Brugconstructie en doorvaart

De ontwikkeling gaat uit van een lage (busbaan)brug over het Noord-Willemskanaal. In samenwerking met ProRail heeft Ingenieursbureau Arcadis in opdracht van de gemeente onderzocht of het mogelijk is een extra brug (voor 2 sporen) in het kanaal te leggen naast de al aanwezige spoor- en fietsbrug. Randvoorwaarden hierbij zijn het ruimtebeslag voor de frequentieverhoging en de borging van de doorvaart van de beroeps- en recreatievaart. Het rapport van Arcadis toont aan dat het mogelijk is op 33 meter naast de huidige spoorbrug de busbaanbrug aan te leggen. Zo behoudt ProRail de mogelijkheid om op termijn een extra spoorbrug er “tussen te leggen” (dus tussen de bestaande spoorbrug en de brug voor de busbaan). Wel moet bij de engineering van de busbaanbrug rekening gehouden worden met voldoende diameter van de brug en met voldoende doorvaartbreedte in verband met de manoeuvreerbaarheid van de schepen in de brugopeningen.
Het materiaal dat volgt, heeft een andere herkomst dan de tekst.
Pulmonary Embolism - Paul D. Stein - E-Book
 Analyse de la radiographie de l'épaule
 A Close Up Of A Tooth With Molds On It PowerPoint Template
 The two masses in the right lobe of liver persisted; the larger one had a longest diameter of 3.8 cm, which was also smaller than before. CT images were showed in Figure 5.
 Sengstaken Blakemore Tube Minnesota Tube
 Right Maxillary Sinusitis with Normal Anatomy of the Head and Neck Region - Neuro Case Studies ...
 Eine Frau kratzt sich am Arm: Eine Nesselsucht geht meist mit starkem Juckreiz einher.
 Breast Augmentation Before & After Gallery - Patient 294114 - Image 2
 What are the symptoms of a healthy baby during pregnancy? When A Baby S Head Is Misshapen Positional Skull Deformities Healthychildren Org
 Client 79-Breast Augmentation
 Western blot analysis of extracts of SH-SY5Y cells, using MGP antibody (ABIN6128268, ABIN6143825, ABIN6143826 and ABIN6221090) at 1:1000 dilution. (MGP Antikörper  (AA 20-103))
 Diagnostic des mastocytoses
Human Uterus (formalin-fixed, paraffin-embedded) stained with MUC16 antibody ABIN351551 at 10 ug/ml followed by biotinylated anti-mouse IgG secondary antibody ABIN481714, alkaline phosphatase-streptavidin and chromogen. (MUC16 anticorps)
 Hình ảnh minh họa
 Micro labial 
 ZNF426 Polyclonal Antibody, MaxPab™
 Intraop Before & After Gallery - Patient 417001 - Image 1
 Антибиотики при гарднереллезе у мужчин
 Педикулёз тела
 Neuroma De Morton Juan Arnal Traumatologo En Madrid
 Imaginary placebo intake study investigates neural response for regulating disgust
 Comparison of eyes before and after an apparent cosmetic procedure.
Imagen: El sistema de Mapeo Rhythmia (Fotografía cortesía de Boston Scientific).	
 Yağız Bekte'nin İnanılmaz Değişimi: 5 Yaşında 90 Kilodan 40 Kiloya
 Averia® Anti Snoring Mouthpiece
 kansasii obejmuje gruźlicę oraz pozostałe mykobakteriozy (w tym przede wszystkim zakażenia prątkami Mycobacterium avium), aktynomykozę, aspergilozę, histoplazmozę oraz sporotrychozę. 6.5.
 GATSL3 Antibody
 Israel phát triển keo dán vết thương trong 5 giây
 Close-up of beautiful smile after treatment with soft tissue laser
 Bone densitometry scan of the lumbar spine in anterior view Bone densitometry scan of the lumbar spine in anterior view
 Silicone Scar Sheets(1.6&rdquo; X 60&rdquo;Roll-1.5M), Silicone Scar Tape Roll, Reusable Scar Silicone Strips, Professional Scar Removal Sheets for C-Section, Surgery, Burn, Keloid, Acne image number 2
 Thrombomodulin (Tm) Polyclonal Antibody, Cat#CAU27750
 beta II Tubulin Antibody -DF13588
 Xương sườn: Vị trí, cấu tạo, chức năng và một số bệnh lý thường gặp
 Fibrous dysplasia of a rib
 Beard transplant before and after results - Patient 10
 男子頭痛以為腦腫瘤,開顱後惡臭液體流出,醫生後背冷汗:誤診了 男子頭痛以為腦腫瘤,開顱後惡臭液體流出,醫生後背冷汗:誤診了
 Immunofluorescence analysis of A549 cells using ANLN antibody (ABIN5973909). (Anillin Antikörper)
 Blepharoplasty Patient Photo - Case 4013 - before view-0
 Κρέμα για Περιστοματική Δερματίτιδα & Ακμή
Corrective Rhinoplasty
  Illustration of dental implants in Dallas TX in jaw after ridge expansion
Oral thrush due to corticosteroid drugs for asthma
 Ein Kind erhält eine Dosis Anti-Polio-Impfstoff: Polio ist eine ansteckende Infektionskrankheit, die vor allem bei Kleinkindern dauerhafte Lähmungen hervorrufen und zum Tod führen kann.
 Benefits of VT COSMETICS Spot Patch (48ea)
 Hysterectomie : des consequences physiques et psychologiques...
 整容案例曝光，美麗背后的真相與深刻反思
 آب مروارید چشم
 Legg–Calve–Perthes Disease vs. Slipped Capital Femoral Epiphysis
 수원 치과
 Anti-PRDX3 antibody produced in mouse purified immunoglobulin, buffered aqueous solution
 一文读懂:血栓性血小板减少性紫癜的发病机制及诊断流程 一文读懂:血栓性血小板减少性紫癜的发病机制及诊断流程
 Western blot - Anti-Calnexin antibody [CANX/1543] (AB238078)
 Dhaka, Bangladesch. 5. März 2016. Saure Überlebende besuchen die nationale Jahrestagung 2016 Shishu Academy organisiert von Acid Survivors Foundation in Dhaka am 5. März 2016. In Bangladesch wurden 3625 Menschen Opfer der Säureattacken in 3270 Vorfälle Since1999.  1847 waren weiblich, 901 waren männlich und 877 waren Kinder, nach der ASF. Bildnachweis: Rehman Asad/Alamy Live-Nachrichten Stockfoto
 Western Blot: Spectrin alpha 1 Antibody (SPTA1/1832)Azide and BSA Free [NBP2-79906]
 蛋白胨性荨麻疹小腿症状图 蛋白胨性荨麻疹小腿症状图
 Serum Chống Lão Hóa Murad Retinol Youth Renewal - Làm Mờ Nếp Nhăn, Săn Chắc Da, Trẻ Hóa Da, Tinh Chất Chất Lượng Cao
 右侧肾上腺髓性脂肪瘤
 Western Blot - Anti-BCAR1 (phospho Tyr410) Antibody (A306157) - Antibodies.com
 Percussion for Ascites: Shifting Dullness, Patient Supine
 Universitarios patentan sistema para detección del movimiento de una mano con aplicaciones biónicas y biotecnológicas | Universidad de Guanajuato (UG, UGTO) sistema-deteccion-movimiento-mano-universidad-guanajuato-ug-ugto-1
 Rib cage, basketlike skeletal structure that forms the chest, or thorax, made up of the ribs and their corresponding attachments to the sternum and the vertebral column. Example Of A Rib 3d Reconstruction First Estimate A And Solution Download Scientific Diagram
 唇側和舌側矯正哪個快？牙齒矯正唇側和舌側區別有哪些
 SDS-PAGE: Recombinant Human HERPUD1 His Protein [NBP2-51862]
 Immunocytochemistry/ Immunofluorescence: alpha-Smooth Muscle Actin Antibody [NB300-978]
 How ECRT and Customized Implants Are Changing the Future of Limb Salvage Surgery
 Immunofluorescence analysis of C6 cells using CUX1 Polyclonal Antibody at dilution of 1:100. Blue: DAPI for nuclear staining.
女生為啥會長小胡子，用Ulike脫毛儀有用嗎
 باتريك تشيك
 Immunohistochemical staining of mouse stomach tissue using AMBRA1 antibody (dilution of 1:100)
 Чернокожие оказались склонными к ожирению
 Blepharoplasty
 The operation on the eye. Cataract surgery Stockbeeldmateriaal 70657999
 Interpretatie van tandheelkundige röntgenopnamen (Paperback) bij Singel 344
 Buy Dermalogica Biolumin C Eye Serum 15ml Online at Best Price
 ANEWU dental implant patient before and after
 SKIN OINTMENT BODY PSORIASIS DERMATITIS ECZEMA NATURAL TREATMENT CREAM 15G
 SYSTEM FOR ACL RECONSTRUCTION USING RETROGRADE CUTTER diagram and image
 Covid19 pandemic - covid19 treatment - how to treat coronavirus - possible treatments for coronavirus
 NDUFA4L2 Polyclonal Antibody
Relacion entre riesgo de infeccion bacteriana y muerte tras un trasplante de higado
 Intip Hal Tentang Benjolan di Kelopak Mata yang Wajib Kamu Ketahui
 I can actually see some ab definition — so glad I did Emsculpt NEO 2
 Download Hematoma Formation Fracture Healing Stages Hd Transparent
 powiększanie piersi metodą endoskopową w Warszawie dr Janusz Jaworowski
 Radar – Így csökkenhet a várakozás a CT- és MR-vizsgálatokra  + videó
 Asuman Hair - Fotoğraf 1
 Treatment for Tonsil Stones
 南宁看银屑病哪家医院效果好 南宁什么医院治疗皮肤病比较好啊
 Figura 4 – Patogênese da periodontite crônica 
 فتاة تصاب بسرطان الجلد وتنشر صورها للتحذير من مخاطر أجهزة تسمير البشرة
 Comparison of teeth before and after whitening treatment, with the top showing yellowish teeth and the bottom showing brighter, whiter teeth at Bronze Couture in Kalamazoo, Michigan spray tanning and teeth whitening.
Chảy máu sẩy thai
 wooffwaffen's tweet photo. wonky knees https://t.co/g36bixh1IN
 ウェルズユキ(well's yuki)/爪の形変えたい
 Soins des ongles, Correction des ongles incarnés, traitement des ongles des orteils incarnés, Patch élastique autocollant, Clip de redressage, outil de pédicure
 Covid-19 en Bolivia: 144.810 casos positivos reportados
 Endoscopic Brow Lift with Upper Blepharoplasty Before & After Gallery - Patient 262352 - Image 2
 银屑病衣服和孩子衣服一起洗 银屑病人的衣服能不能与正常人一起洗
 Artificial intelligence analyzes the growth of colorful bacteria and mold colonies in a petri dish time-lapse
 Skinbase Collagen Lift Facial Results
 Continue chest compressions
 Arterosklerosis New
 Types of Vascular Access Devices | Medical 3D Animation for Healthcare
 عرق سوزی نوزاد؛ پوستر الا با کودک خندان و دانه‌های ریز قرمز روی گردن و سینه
In de eindsituatie ligt er een brugconstructie van 4 aaneengesloten bruggen: de bestaande fietsbrug, de spoorbrug, de extra spoorbrug voor de spoorverbreding en de brug voor de busbaan. Dit impliceert dat de openstelling van de bruggen goed moet worden afgestemd op het schema van de treinen en de bus om het kanaal bevaarbaar te houden voor beroeps- en recreatievaart.